Dataset section -
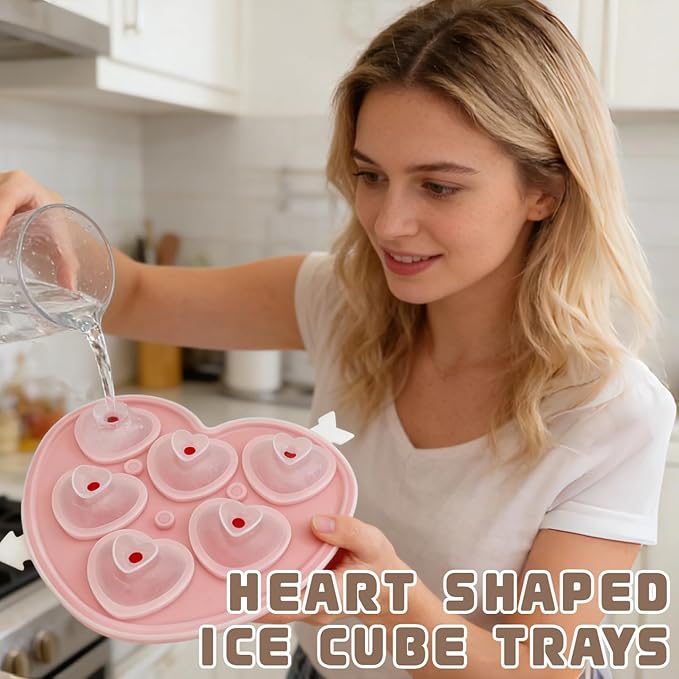 2 Pack Heart-Shaped Ice Cube Trays - 6 Holes Silicone Ice Cube Tray, Love Heart Shape Ice Cube Mold for Chilling Whiskey Cocktails Drinks Beverages Iced Tea & Coffee (red)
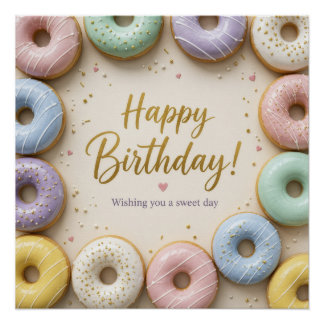 Póster Donuts Glacê Pastel Com Purpurina Dourada Doce
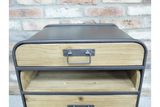 Industrial Style Metal & Wood Cabinet Chest of 3 Drawers H 55 x W 48 x D 38 cm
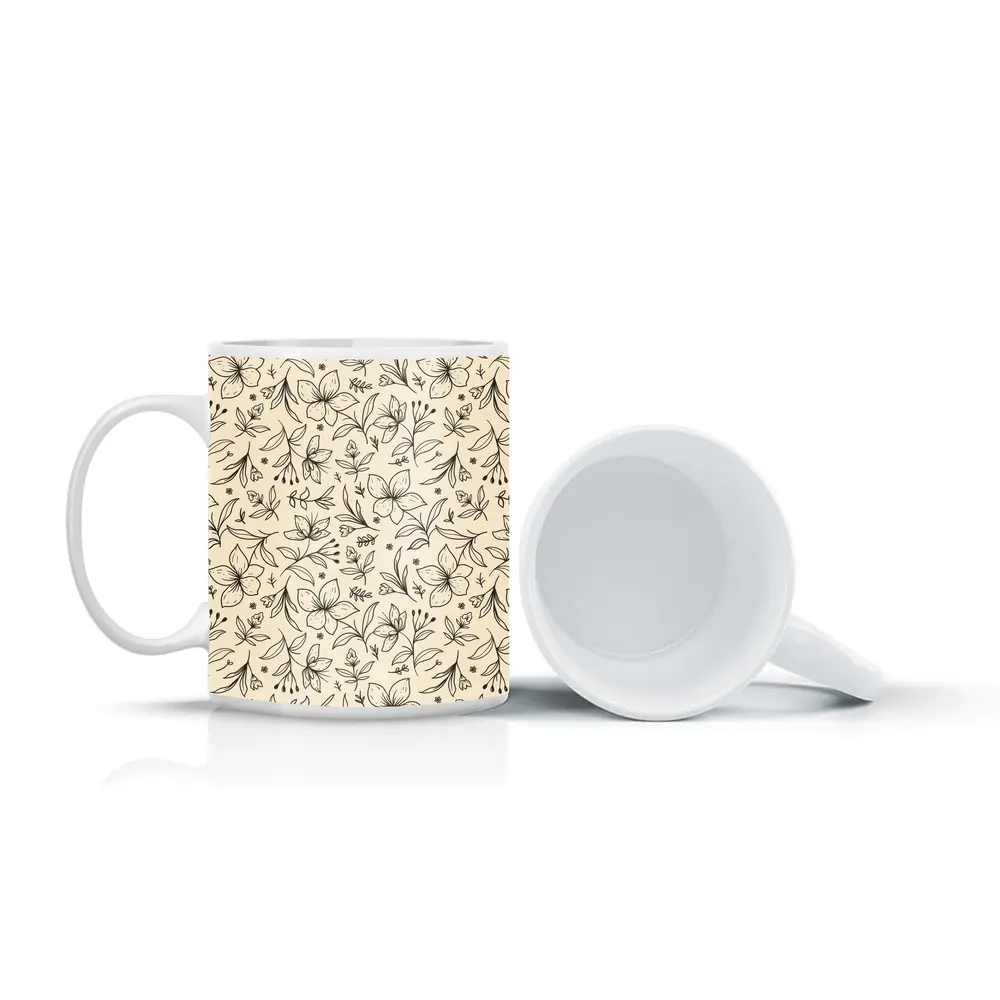 Botanical Line Art Flowers Beige Floral Pattern – Mugs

Required action -
None of the pictures belong in the copy; transcribe the rest of the data exactly.

Response -
 2 Pack Heart-Shaped Ice Cube Trays - 6 Holes Silicone Ice Cube Tray, Love Heart Shape Ice Cube Mold for Chilling Whiskey Cocktails Drinks Beverages Iced Tea & Coffee (red)
 Póster Donuts Glacê Pastel Com Purpurina Dourada Doce
 Industrial Style Metal & Wood Cabinet Chest of 3 Drawers H 55 x W 48 x D 38 cm
 Botanical Line Art Flowers Beige Floral Pattern – Mugs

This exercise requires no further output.